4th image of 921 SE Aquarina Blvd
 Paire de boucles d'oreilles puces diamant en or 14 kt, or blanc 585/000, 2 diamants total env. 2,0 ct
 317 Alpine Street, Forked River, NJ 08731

**WHAT YOU ARE ASKED TO DO:**
Once more, set down the full listing, verbatim.

**YOUR RESPONSE:**
4th image of 921 SE Aquarina Blvd
 Paire de boucles d'oreilles puces diamant en or 14 kt, or blanc 585/000, 2 diamants total env. 2,0 ct
 317 Alpine Street, Forked River, NJ 08731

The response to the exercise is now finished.